Chantal Jouanno a quitté la politique en septembre 2017. Elle était sénatrice de Paris et vice-présidente de la région Ile-de-France.
Chantal Jouanno a quitté la politique en septembre 2017. Elle était sénatrice de Paris et vice-présidente de la région Ile-de-France. © AFP / MIGUEL MEDINA

Yannick Noah président ? 

Yannick Noah a été entre 2007 et 2012 la personnalité la plus aimée des Français. Le vainqueur de Roland Garros s'est toujours placé à gauche, et pas seulement sur les terrains de tennis. De Ségolène Royal à François Hollande, il a accompagné les tribulations des socialistes pendant longtemps. Mais son action la plus forte reste la création de l'association Fête le mur, mettant le le tennis au service de la lutte contre l’exclusion des jeunes de quartiers défavorisés.
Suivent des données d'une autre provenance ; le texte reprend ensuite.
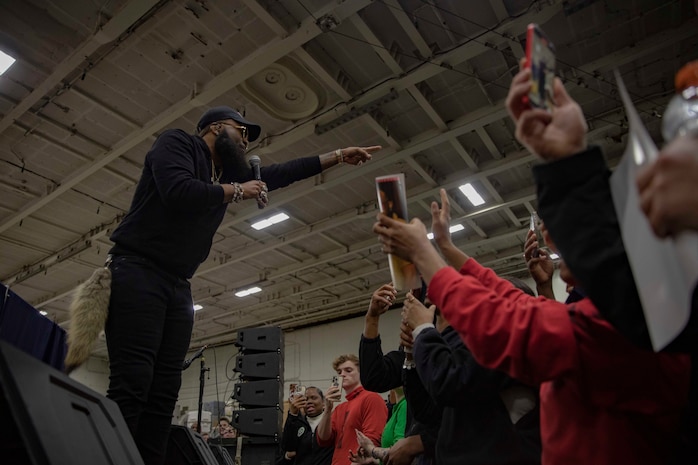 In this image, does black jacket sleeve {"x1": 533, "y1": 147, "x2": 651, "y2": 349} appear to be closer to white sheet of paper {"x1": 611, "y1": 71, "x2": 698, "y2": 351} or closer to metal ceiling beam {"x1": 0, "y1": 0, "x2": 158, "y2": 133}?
white sheet of paper {"x1": 611, "y1": 71, "x2": 698, "y2": 351}

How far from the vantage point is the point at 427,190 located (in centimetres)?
673

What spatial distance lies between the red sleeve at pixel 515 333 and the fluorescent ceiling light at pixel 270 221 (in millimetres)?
6792

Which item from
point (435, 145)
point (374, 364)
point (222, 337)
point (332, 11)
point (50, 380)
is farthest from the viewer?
point (222, 337)

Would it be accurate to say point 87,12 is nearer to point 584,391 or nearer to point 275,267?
point 584,391

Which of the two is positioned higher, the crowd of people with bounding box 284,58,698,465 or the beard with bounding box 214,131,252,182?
the beard with bounding box 214,131,252,182

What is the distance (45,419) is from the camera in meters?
0.76

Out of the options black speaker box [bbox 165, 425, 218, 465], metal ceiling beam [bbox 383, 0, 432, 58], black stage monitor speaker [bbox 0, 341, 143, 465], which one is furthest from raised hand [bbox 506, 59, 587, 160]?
metal ceiling beam [bbox 383, 0, 432, 58]

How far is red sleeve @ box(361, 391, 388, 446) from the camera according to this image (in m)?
3.11

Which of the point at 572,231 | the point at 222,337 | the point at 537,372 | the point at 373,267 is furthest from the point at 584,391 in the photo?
the point at 222,337

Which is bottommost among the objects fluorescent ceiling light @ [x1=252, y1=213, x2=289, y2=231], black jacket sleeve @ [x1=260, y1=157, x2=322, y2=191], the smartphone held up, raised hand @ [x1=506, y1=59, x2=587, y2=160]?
raised hand @ [x1=506, y1=59, x2=587, y2=160]

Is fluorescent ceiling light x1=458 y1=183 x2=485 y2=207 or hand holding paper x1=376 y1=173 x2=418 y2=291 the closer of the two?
hand holding paper x1=376 y1=173 x2=418 y2=291

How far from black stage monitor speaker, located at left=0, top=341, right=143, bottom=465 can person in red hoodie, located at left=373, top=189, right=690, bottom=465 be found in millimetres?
678

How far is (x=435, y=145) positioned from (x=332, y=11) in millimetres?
2506

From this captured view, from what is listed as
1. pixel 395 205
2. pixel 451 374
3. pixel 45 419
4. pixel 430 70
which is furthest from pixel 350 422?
pixel 430 70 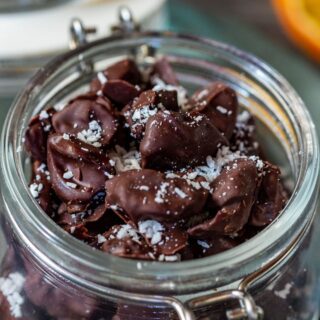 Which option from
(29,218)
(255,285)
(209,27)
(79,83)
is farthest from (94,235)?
(209,27)

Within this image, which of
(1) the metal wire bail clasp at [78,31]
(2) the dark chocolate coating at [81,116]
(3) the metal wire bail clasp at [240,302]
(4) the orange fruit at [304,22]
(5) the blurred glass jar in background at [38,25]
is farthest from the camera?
(4) the orange fruit at [304,22]

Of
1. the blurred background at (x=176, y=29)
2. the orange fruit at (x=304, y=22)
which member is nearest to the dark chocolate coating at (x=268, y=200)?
the blurred background at (x=176, y=29)

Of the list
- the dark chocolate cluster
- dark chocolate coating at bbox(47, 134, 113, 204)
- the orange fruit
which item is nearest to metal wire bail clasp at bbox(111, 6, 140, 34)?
the dark chocolate cluster

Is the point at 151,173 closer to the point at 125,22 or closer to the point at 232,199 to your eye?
the point at 232,199

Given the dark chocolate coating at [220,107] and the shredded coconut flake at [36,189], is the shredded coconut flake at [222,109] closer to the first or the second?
the dark chocolate coating at [220,107]

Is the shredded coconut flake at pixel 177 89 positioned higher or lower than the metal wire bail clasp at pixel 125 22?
lower

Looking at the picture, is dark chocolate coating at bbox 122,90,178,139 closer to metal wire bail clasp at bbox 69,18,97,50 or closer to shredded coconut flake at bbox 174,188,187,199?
shredded coconut flake at bbox 174,188,187,199

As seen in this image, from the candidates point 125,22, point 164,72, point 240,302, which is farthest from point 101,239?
point 125,22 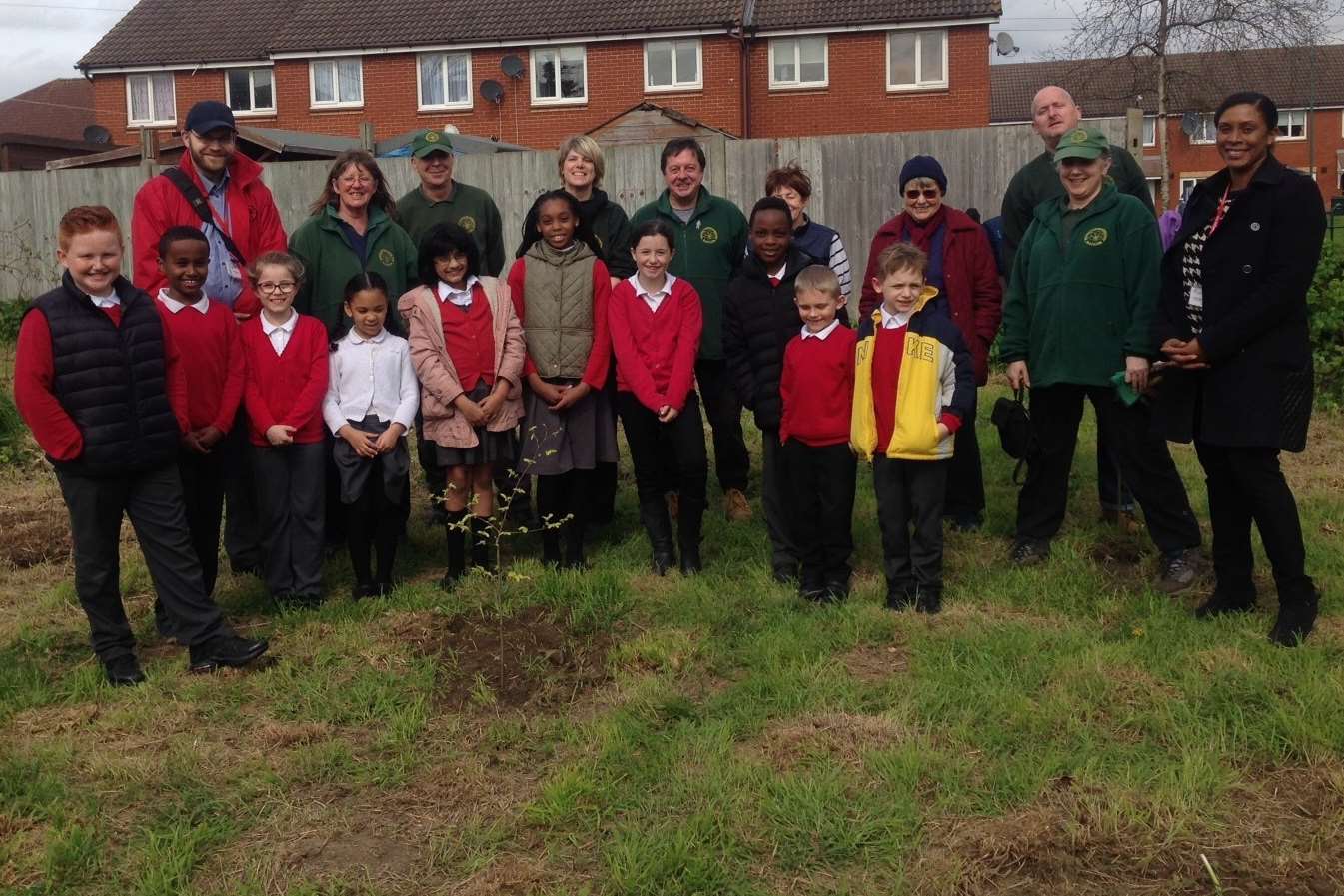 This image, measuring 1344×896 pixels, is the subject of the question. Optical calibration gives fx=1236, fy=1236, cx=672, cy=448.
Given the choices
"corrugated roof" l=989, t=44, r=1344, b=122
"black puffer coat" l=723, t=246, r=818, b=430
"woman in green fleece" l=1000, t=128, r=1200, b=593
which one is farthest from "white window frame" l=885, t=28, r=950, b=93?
"black puffer coat" l=723, t=246, r=818, b=430

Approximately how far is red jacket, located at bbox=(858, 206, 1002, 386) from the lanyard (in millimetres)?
1374

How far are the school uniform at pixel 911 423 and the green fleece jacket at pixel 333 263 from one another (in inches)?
87.7

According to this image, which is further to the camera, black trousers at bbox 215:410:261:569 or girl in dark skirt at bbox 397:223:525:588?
black trousers at bbox 215:410:261:569

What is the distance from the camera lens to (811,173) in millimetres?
14094

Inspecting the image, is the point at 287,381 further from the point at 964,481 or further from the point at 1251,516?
the point at 1251,516

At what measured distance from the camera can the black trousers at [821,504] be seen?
5.38m

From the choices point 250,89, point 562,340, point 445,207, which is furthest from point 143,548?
point 250,89

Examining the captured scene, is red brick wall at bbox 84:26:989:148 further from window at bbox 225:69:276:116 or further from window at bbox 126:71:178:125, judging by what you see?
window at bbox 126:71:178:125

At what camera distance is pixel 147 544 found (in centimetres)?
480

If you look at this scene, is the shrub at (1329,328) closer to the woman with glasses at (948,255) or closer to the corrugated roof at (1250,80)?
the woman with glasses at (948,255)

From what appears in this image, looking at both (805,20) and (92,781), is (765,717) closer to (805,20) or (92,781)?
(92,781)

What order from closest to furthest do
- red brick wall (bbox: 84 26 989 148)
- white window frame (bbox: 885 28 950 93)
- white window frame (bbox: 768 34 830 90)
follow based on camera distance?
white window frame (bbox: 885 28 950 93) → red brick wall (bbox: 84 26 989 148) → white window frame (bbox: 768 34 830 90)

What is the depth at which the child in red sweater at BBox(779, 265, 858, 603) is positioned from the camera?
5.32 metres

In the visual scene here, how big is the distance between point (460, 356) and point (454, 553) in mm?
919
Lilian Thuram ambassadeur ? 

Il est docteur honoris causa en Suède, reçu un peu partout dans le monde pour participer à des conférences sur le racisme. L'ex-champion du monde de football, libéré de toutes contraintes financières, a créé sa propre fondation pour l'éducation contre le racisme. Il s'est entouré d'un groupe d'intellectuels, comme l'historien Pascal Blanchard ou Evelyne Heyer, directrice du laboratoire de génétique des populations humaines au Musée de l’Homme, la politologue Françoise Vergès,  Michel Wieviorka, administrateur de la Maison des sciences de l’Homme, Elisabeth Caillet, philosophe ou Pascal Boniface, directeur de l’Iris (Institut des relations internationales et stratégiques). Lilian Thuram travaille main dans la main avec l'Éducation nationale pour créer des programmes de sensibilisation au respect et à la tolérance en milieu scolaire. 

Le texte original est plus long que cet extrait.